I replaced all the trim with the upper lever LTZ trim even went as far as replacing the solid grey trim around the gauges with the chrome trim from the LTZ.

The steering wheel is a flat bottom from a 2015 Camaro 1LE / ZL1. It's suede with stone stitching. 

The Shifter took a little bit to figure out. it's completely custom. As you can see from the pictures. The shifter boot is also from a 1LE camaro. Suede with stone stitching. 

The Shifter is actually from a 2015 Mustang GT. I purchased an entire shifter boot/knob from Ford OEM. I then cut the boot off of the chrome piece that lifts up as you put the car into reverse. I cut the chrome piece (which is actually plastic just like in the cruze) in half and took the original lift up plastic piece from the cruze and cut that in half as well. I then used a soldering Iron to merge the two halves together as you would with metal. This created a new lift up mechanism with the chrome upper trim from the mustang and the lower trim from the cruze. The knob had to be machined out to fit the spring the cruze uses to push the reverse collar back down.

If you were in my car you would see it looks perfectly stock and feels like it too. Very solid, much much better than original. 

If enough people cared how I did it, I'm sure I could take better pictures and do a write up.


----------



## carbon02 (Feb 25, 2011)

Leviathan21-

I've followed the Cruze and available North American factory options since 2011. I knew by looking that those cool color combinations didn't come on a Factory North American Model. 

It's very sharp. I like the two tone leather, and the stitching. It looks very classy and above factory. If someone didn't follow the Cruze factory interiors as close as a nerd like me, you would never guess that your's wasn't a special trim level! 

I'm guessing that maybe the Camaro wheel when installed in the Camaro is heated? If so were you able to get that figured out? I know the Verano has it, I think it would be a nice touch, but going based on what I've learned about Cruze Electrical wiring, I bet it's not anywhere near plug and play. 

I think you should start a new thead about your interior, and take a run at Cruze of the Month.. While there's been others that have done interior seats, and some that have done door panel/dash panel inserts. I think your the first with that shifter. 

At first I thought you were one of the posters to this forum from outside North America, with an Asian built Cruze. 
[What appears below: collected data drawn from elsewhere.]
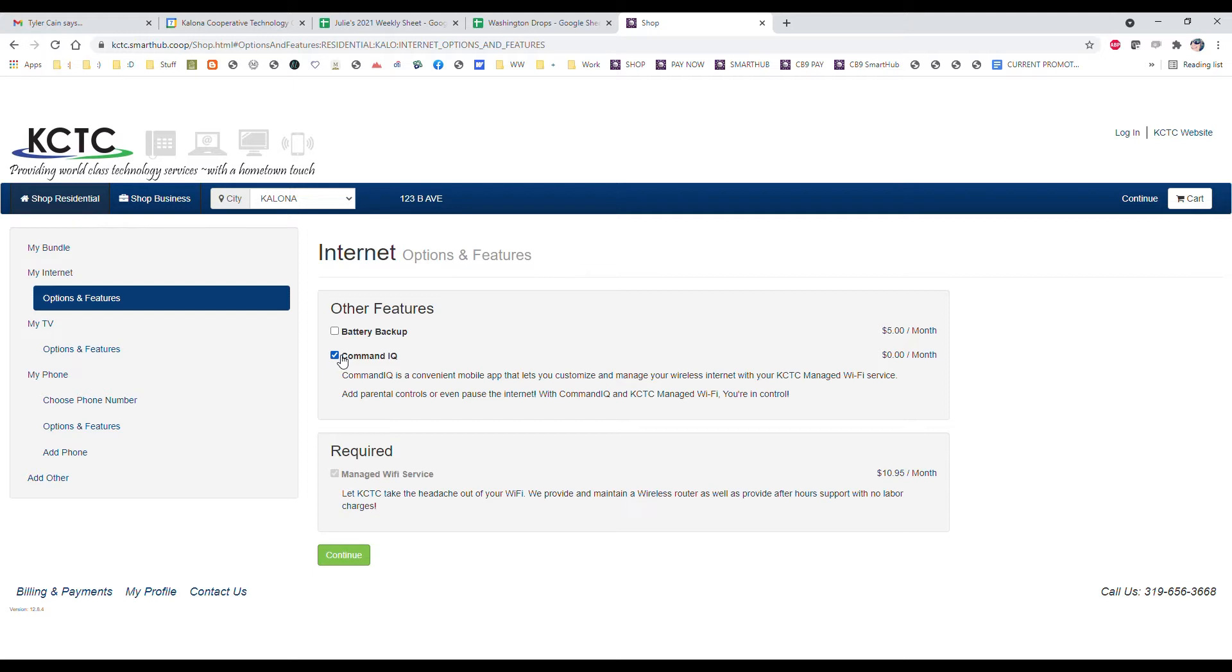If you have a certain device that you want to shut down, say at nine o'clock at night when the kids are going to sleep, you can control that type of thing as well.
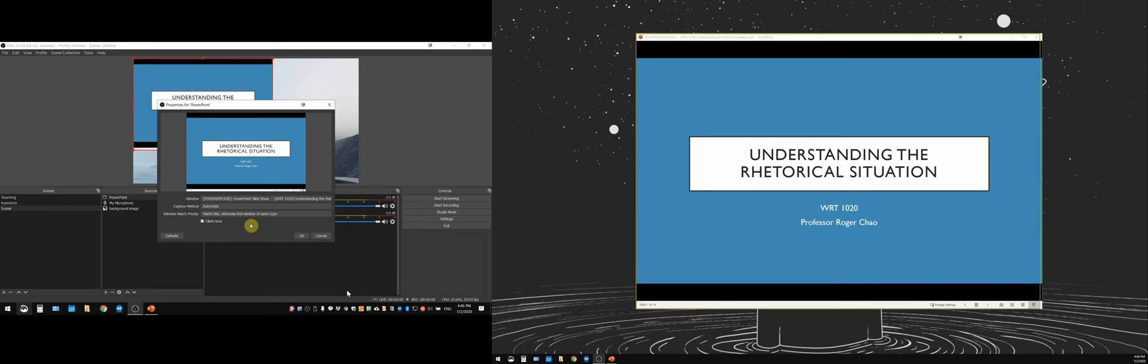Then under window match priority you want to select match title otherwise find window of same type. So I believe by selecting this option, you're guaranteed to always be picking up a PowerPoint window, even if the name changes. So you're going to choose this option and then you're going to click okay.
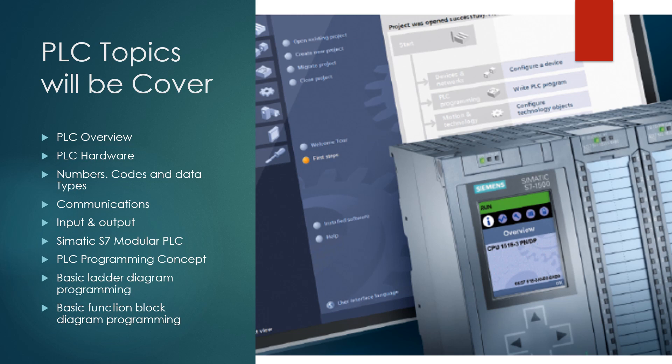The complete session of PLC topics will cover: PLC overview, PLC hardware, numbers, codes and data types, communications, input and output, Siemens S7 modular PLC, PLC programming concepts, basic ladder diagram programming, and basic function block diagram programming.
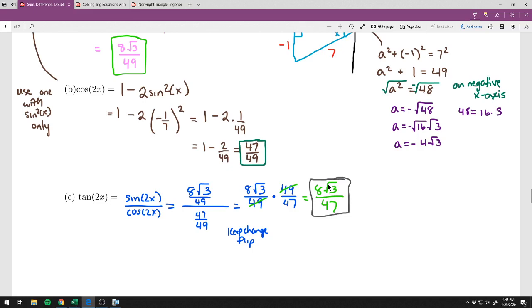I recommend doing it this way — find sine first, then find cosine. Most of your work is in those steps, and you really don't need to worry about a separate identity for tangent of 2x.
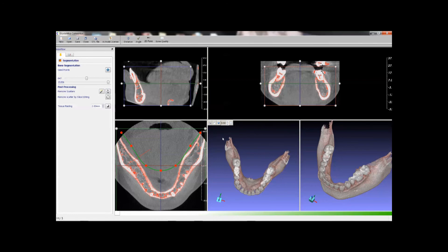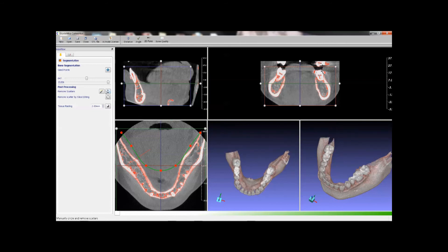It can also be used to remove areas from the data sets. Just click some points to make a profile and the area will be removed.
I spent two months in Thailand. They really get into car modifications. And often times have more unique aftermarket parts. I'll never forget the $100,000 USD Mercedes on jack stands. Two local Thai men under it crawling around. They custom fabricated the resonators and mufflers out of electropolished 316 stainless steel sheet, bent, rolled, welded and buffed. Amazing what that little car shop did every morning as I walked to work. Amazing work for a $100 bucks.


----------



## cristo111 (May 19, 2017)

*2011 Chevy Cruze armrest recovering*

I just went through this with my 2011 Cruze LTZ and I ran into a few problems but once I figured it out, it was quite easy! All you need to do this job is 1) a Philips screw diver (preferably a magnetic one, as I dropped 2 screws before I thought of it and they were hard to find), 2) a can of Loctite spray adhesive 3) a pair of scissors or I used a razor knife and 4) clamps to hold the leather in place once you've glued it (I found 8 of them at a dollar general store for 2 bucks). There is no need to take the hinge off, just open the lid and remove the 6 screws on the bottom and slide it up and out of the way. Next there are 4 smaller screws in the middle of the lid, this is the stop that prevents your lid from sliding off. ( I've had this car since 2011 and I never even knew that the cover slid forward and I bet there are a lot out there that don't!) Under the stop there is 2 gears that ride on the slide, I got them out by first emptying the console and gently slamming the lid closed a few times. Now the lid will slide all the way off! There are 6 more screws that hold the tray directly beneath the cover that also need to be removed. then after trying on the new cover on to see which way it went, I sprayed just the bottom of it first and then positioned it by pulling it from the corners and sides, then I clamped it in place to hold it for 10 minutes and by the way I did not remove the old cover as this gives it more cushion. I then sprayed one side at a time and clamped them and let them set for 10 minutes each. Then do the back and front the same way but with the front I had to take it back off and cut the leather behind the latch away because this was making it hard to open the lid after I installed it, with that piece gone it works fine and I'm completely satisfied with the job.
I hope this helps some of you out, I wish someone had posted it a long time ago!!!:tongue:


----------